Reproduce verbatim the line containing "社牛小女孩在爸爸公司年会上跳舞漫画,第36章：小菜桶2图" and every line that follows it through the end of the entries below, omitting all pictures.

═══ DATA FOR THE TASK ═══

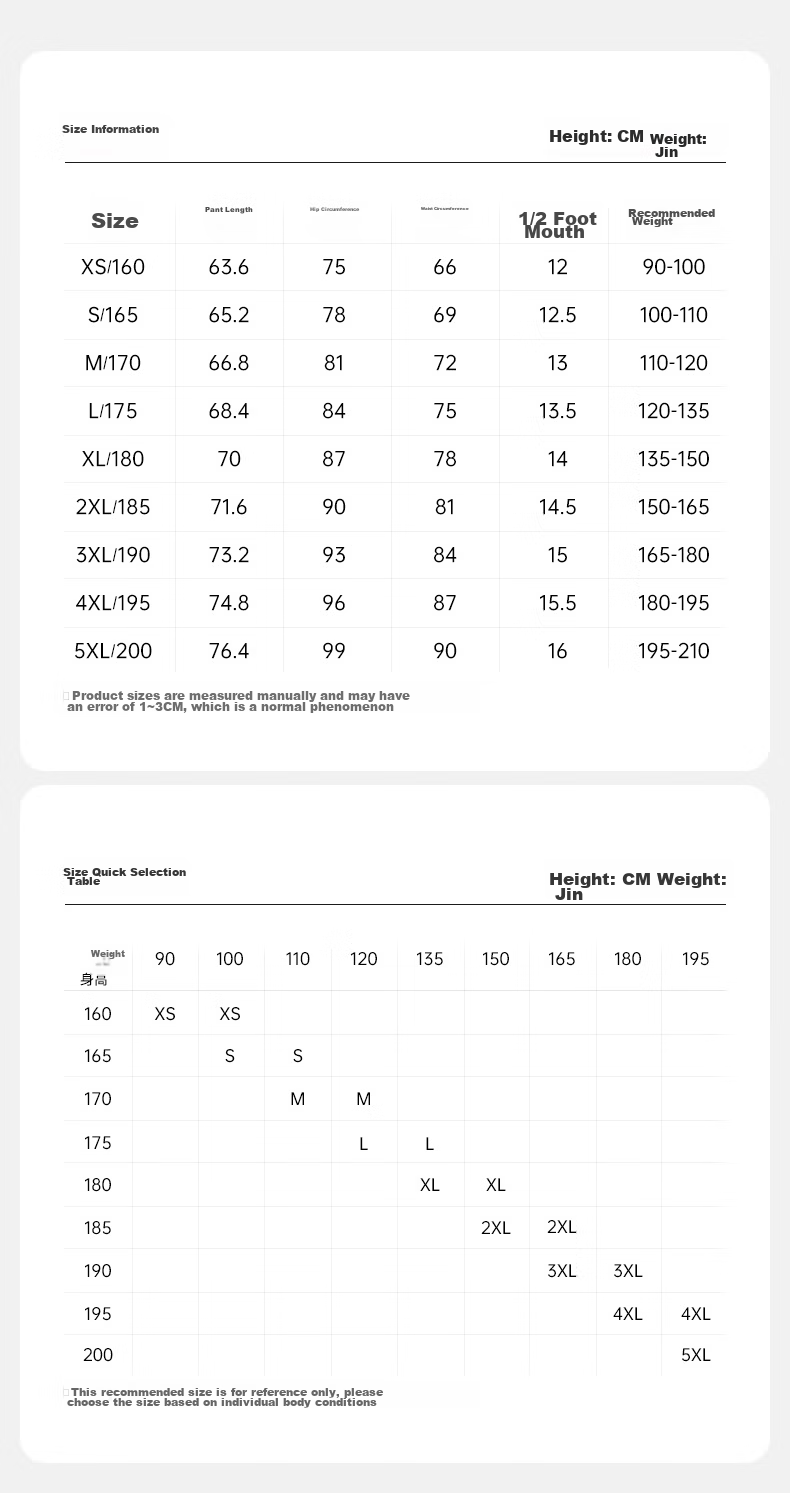 RIGORER Compression Pants for Men, Basketball Sports Running Training Fitness Muscle Base Layer, Seven-Eighths Length Tight-Fitting Pants 4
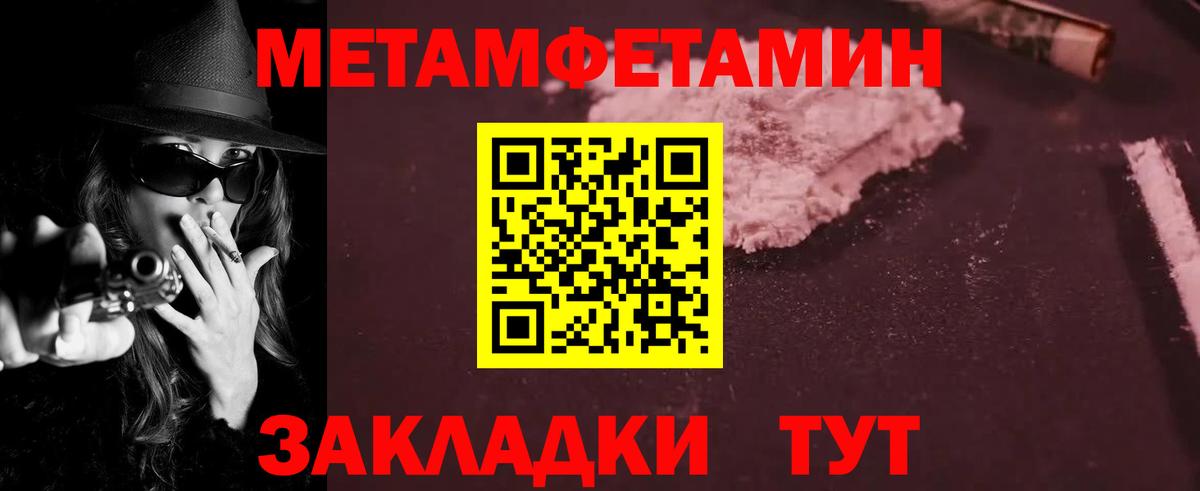 Amphetamine Розовый Морозовск
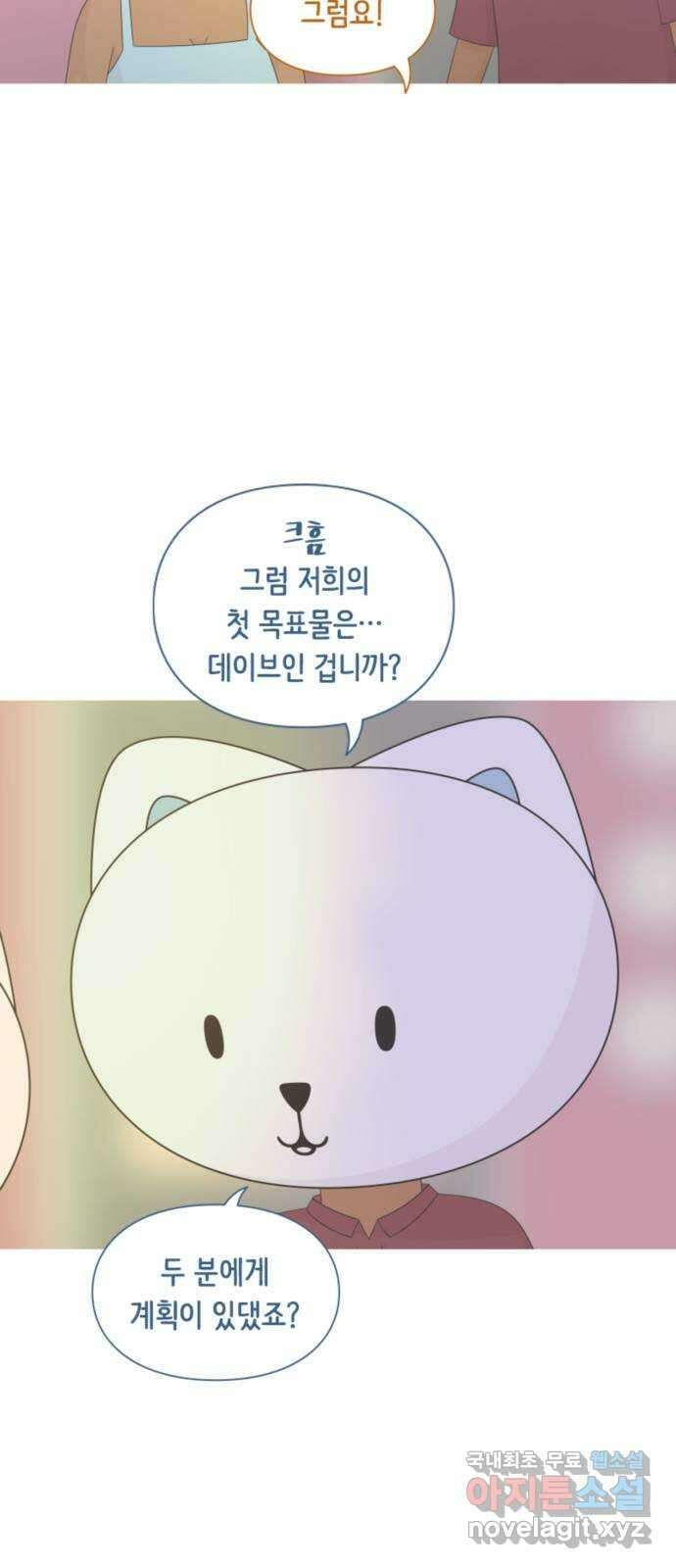 에브리띵 이즈 파인 39화 친구의 친구 4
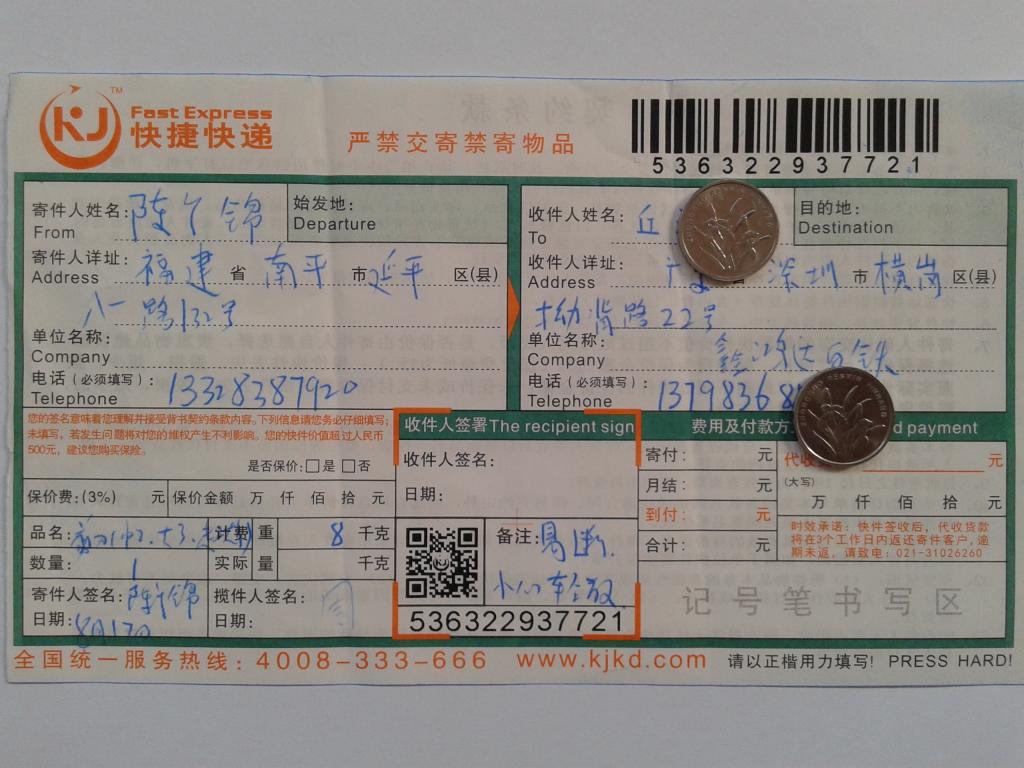 第二次购买8月17日深圳客户快递单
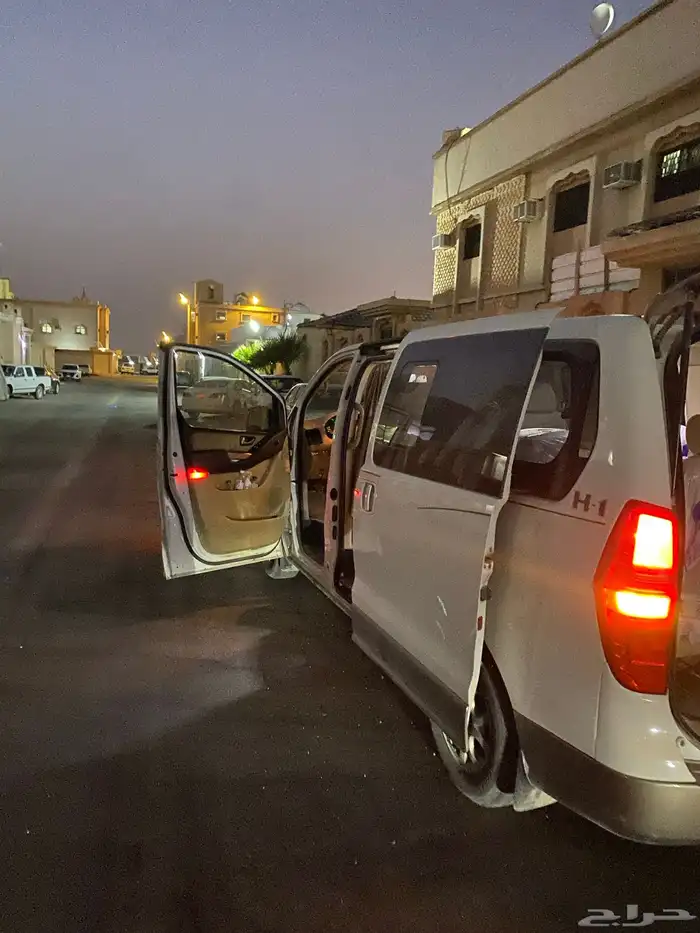 فان اتش 1 H1 2014 16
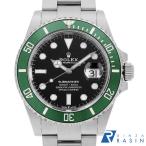 GINZA RASIN ヤフー店の126610LVを見る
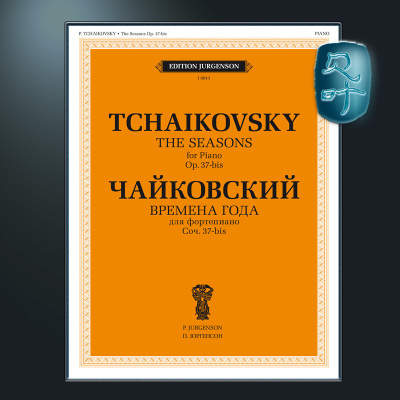 俄罗斯原版柴可夫斯基四季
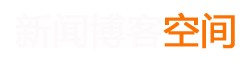 新评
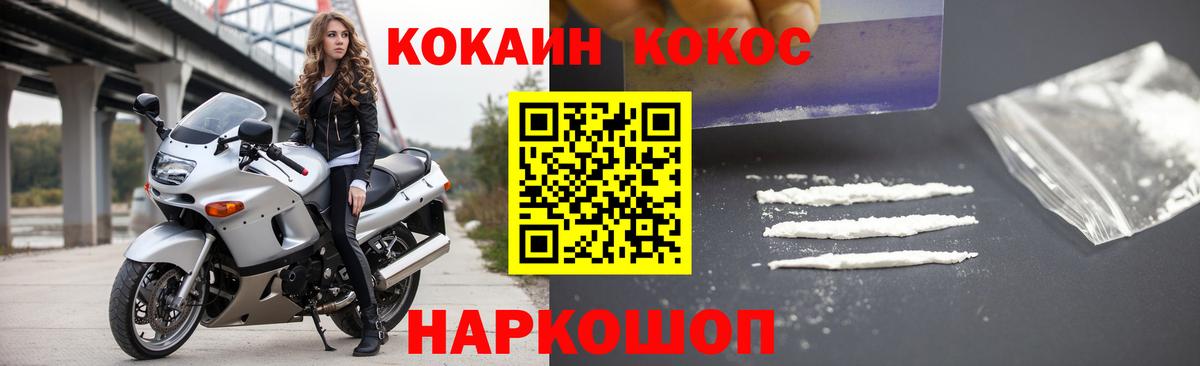 COCAIN 99% Краснотурьинск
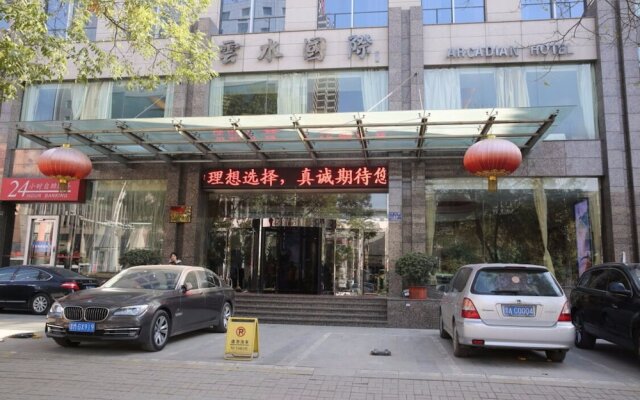 Yunshui Hotel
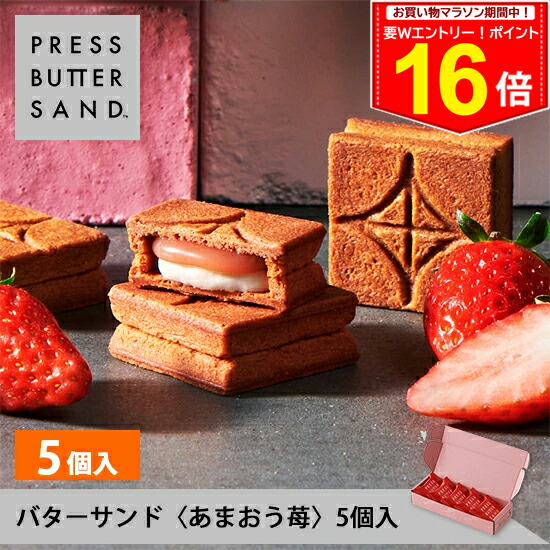 専用！クラブハリエチョコ苺&名古屋限定バームクーヘン3種BOX&茅乃舎赤味噌だれ 専用！クラブハリエチョコ苺&名古屋限定バームクーヘン3種BOX&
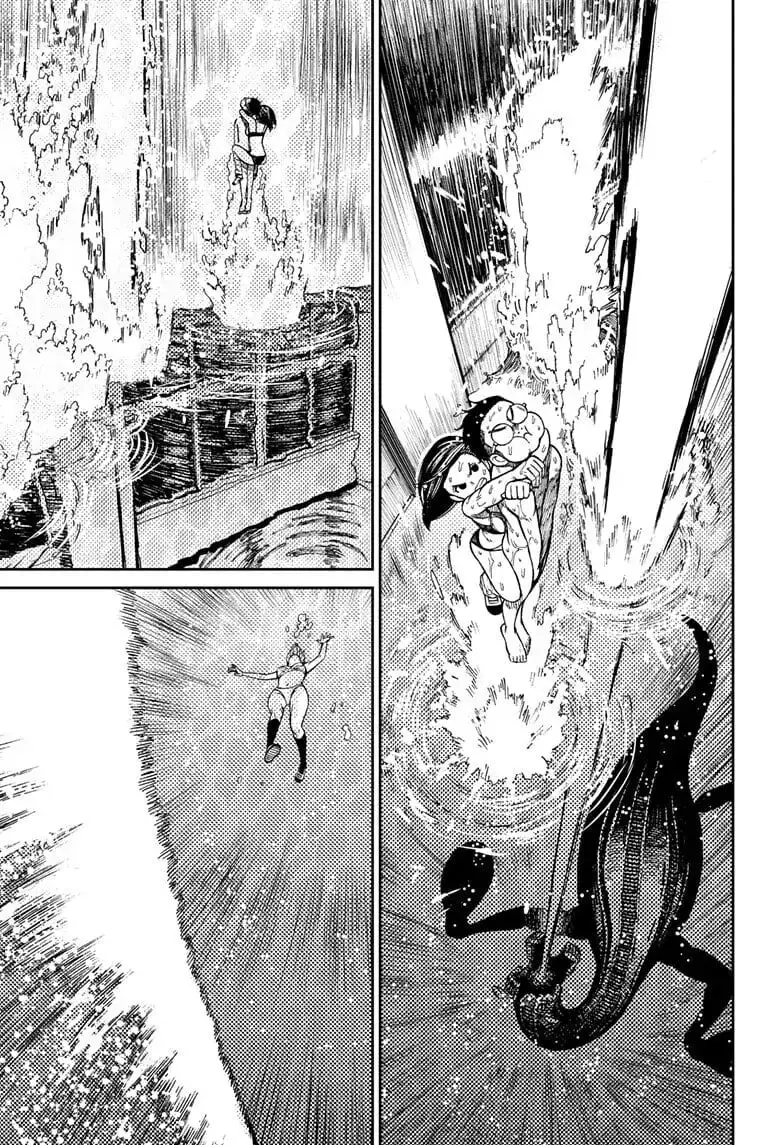 Dandadan Manga β Chapter 24 β Page 10
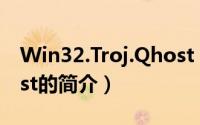Win32.Troj.Qhost（关于Win32.Troj.Qhost的简介）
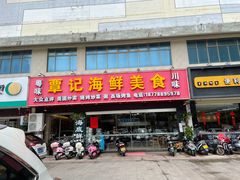 门面-覃记海鲜美食餐厅
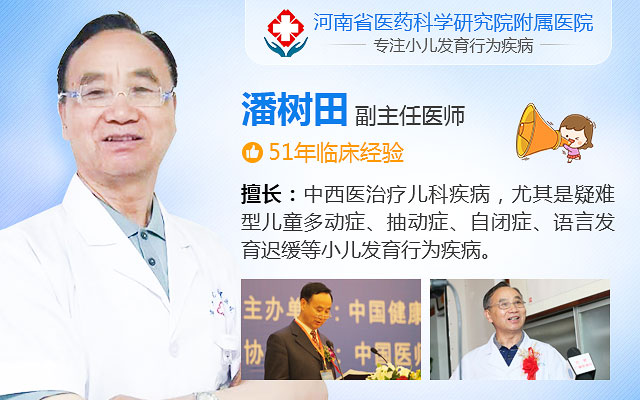 潘树田医生靠谱吗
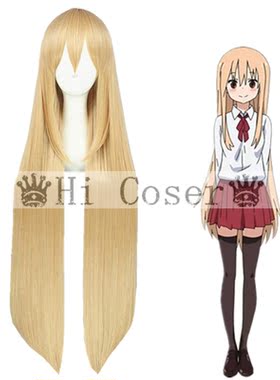 Hicoser 干物妹！小埋 土间埋 奶橙色 100cm cosplay假发262A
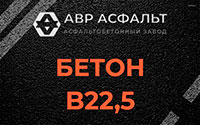 Бетон B22,5 в Мосрентгене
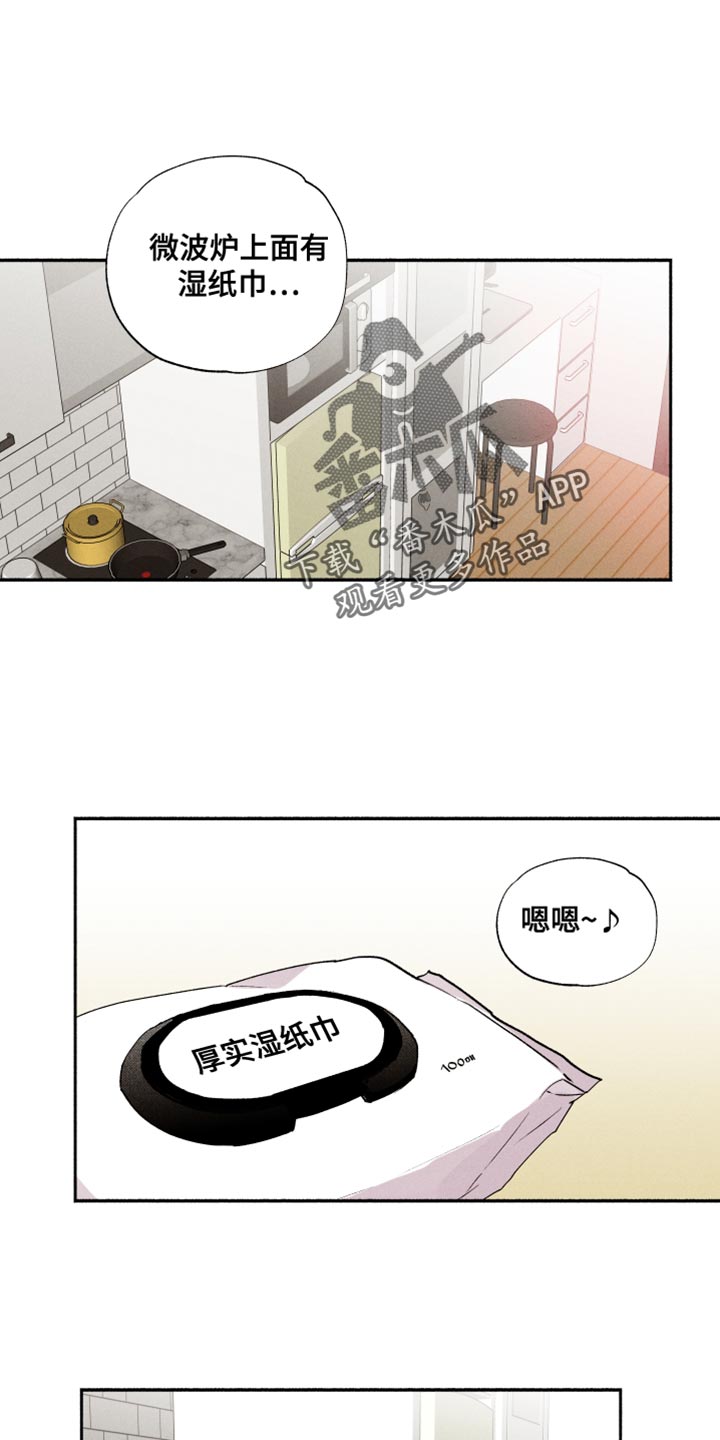 社牛小女孩在爸爸公司年会上跳舞漫画,第36章：小菜桶2图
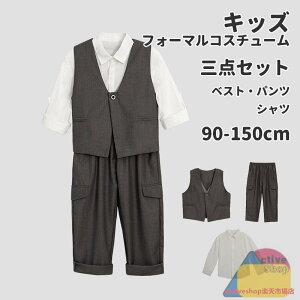 qRX`[ O_Zbg tH[} xXg LbY CVc j̎q sAm \ w ؍  ǂ qtH[}RX`[ ܎O LbYX[c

═══

> TASK RESULT
 社牛小女孩在爸爸公司年会上跳舞漫画,第36章：小菜桶2图
 qRX`[ O_Zbg tH[} xXg LbY CVc j̎q sAm \ w ؍  ǂ qtH[}RX`[ ܎O LbYX[c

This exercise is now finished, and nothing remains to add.